Since it is far and away my largest income source, I guess us unemployed should review the portfolio and prospects.
A few weeks ago, when AAPL was at 610, I considered lightening up on it. It is still a cheap stock, but it was a major fraction of my holdings. "Too much of a good thing is wonderful", but this nest egg is what I am living on now, so a little caution seems appropriate.
So I watched as the stock drifted down substantially over a week. Then their earnings report came out, blowing away all the estimates. AAPL is even cheaper, even after it rose back to 612. I sold half, still leaving it my largest holding.

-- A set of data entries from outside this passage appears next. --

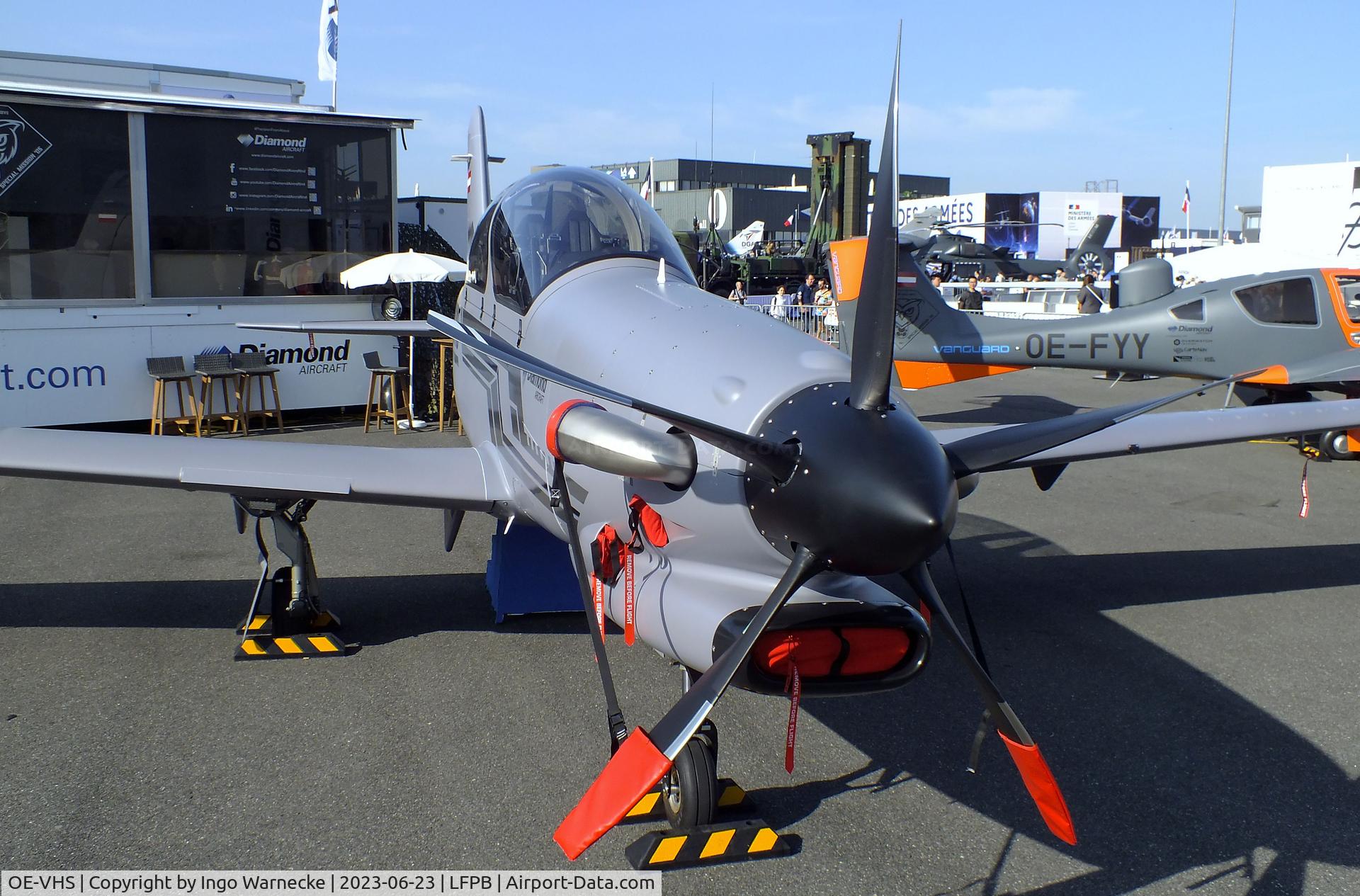 OE-VHS, 2023 Diamond DART-750 C/N 001, Diamond DART-750 prototype at the Aerosalon 2023, Paris
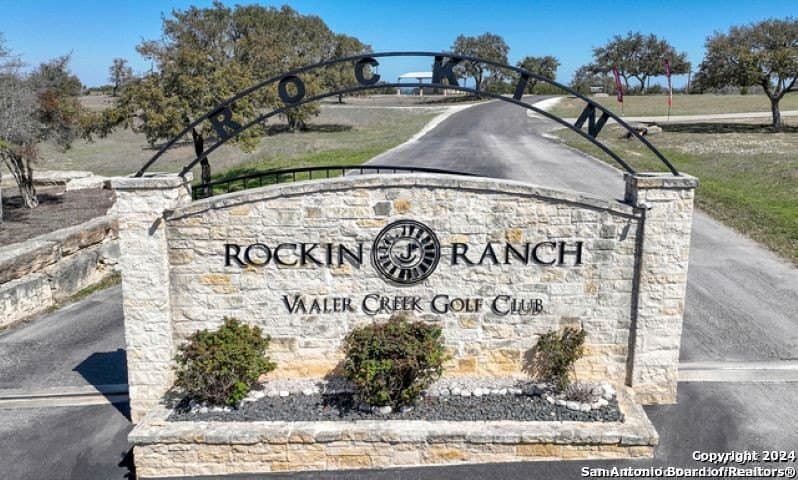 0.3 acres in Blanco County gallery image 3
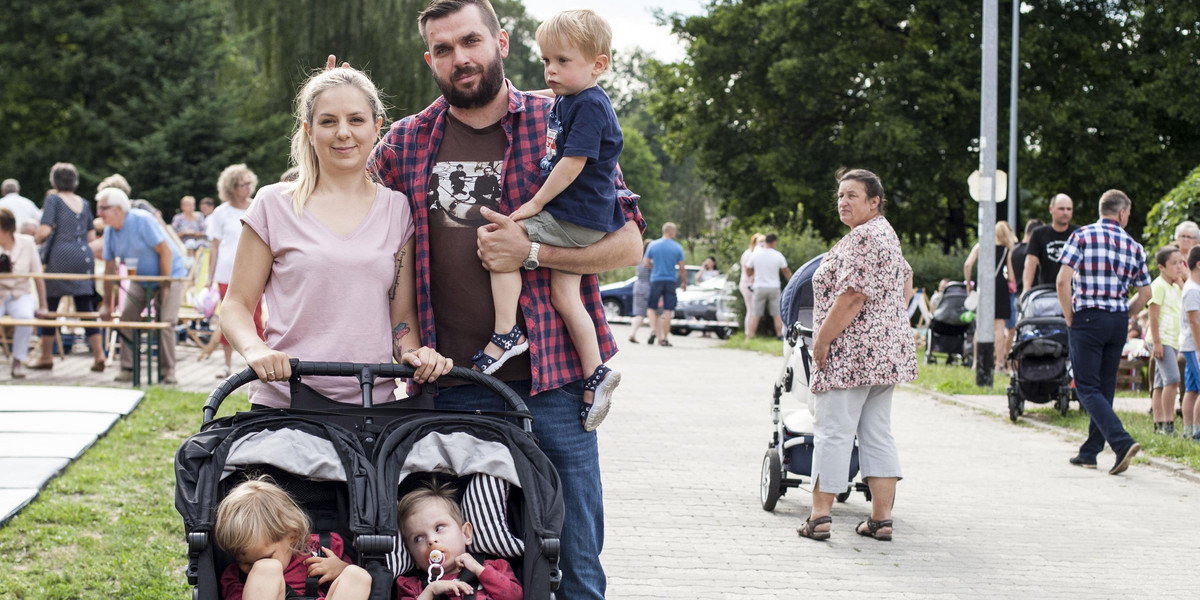 Żory. Mieszkańcy Rogoźnej zorganizowali piknik i zbiórkę pieniędzy dla trojaczków 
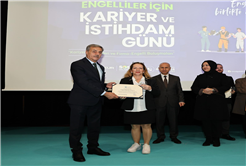 “Özel bireylerimiz gayreti ve azmiyle büyük başarılara imza atıyor”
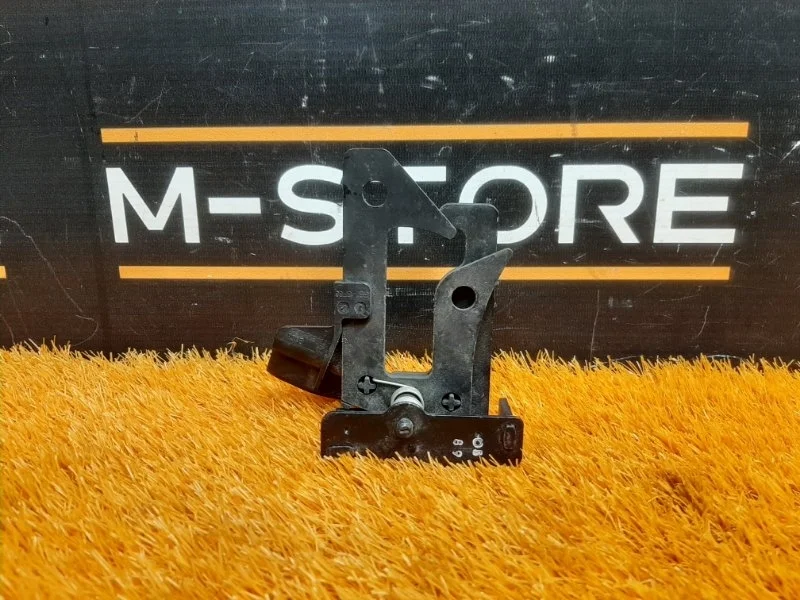 Замок капота Mercedes-Benz C-Class 2009 A2048800064 W204 271.950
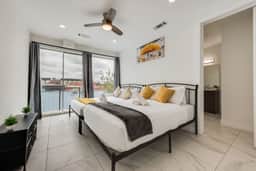 Metro View 2BR | Free Parking I King Bed Workspace - Image 5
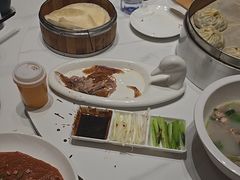 -梅利汴京烤鸭•开封豫菜地标店(东大街店)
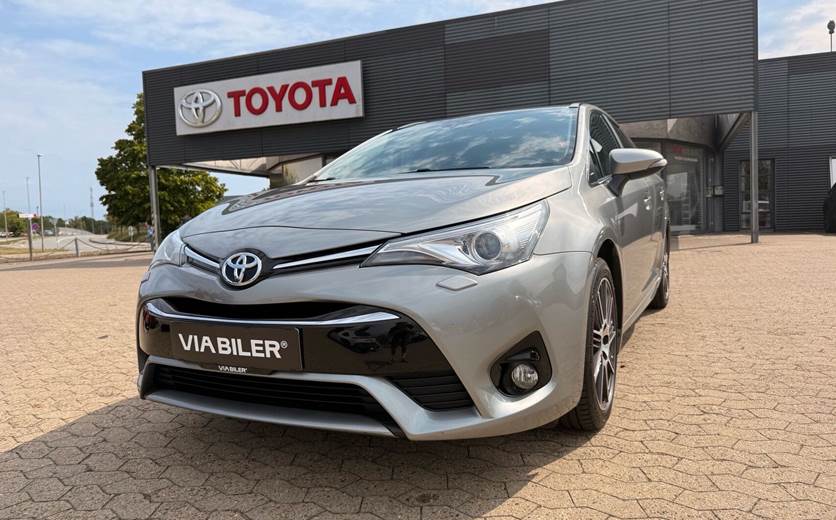 Toyota Avensis 1,8 Touring Sports VVT-I T2 Selected Multidrive S 147HK Stc 6g Aut.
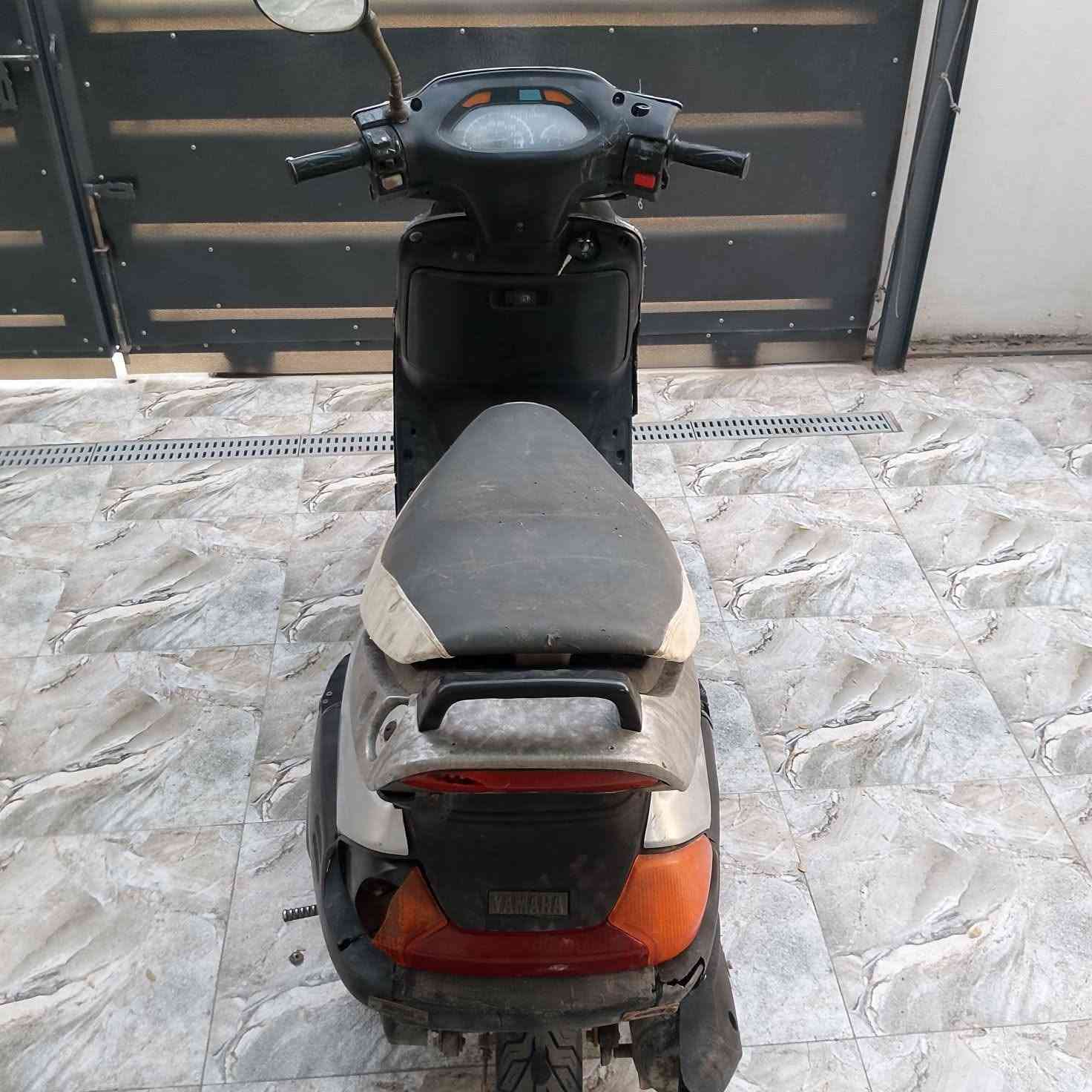 السلام عليكم دراجه فراشه فضائي مكينه بيهه دخانه بس  مكينتهه ناعمه شلعه ومعدل حلوه كابريتر جديد السعر 160 بعقوبه التحرير ***********
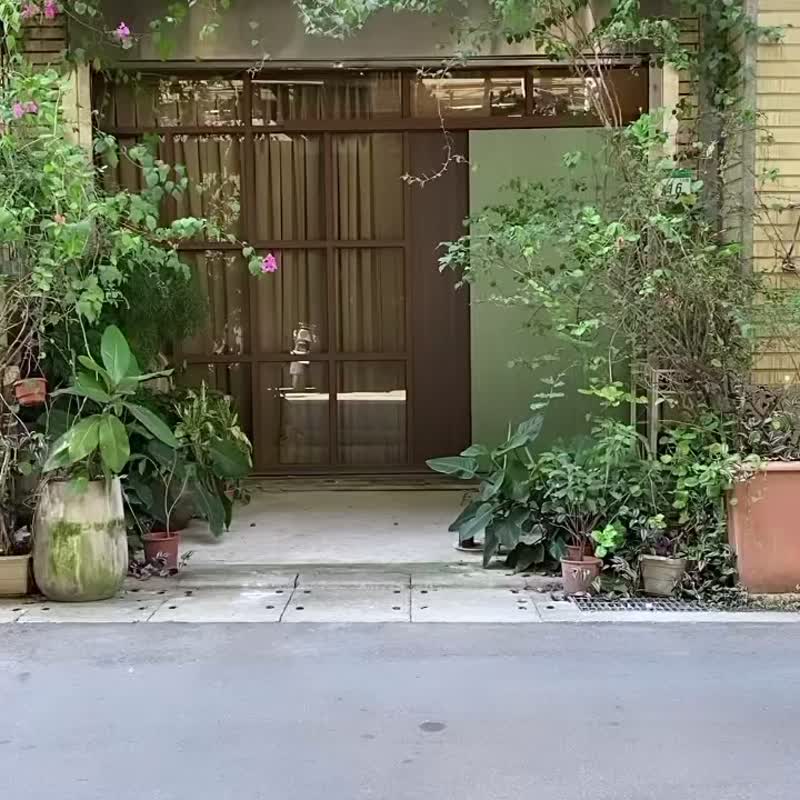 魔法阿媽聯名款 不對稱短袖襯 - 女襯衫 - 聚酯纖維 白色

Today's stock review has resulted in an updated and re-marked watch list, at
http://web.cheswick.com/stocks/towatch.html
AZO autozone Earnings growing at 21% steady, 31% in the past year. PE is reasonable. BCPC balchem I hold this one (smallest holding). It's at the bottom of its channel. I probably
should have bailed. 20% earnings over ten years, now down to 15% growth.
Not shabby, but probably why it has swooned.
COH coach Growing nicely, Fool likes it, big hit in China. CTSH cog. tech. 40% grower, now down to 20%. Outsourcing to India. You would think this would be hit by the recession and weak recovery, but 20% is quite nice. Price path is a little too exciting for me. PCLN priceline 50-70% annual earnings growth. This stock is
not expensive! Fool choice. PNRA Panera steady 20-26% growth. Not cheap. I am wary of restaurants: they tend to
flare and die. Fool selection. QSII quality systems electronic dental records, a fool selection. Choppy stock, with earnings that used to be above 35% per year, now steady in mid 20s. I own some, it has been a ride. SRCL stericyle medical waste. Steady 20% grower.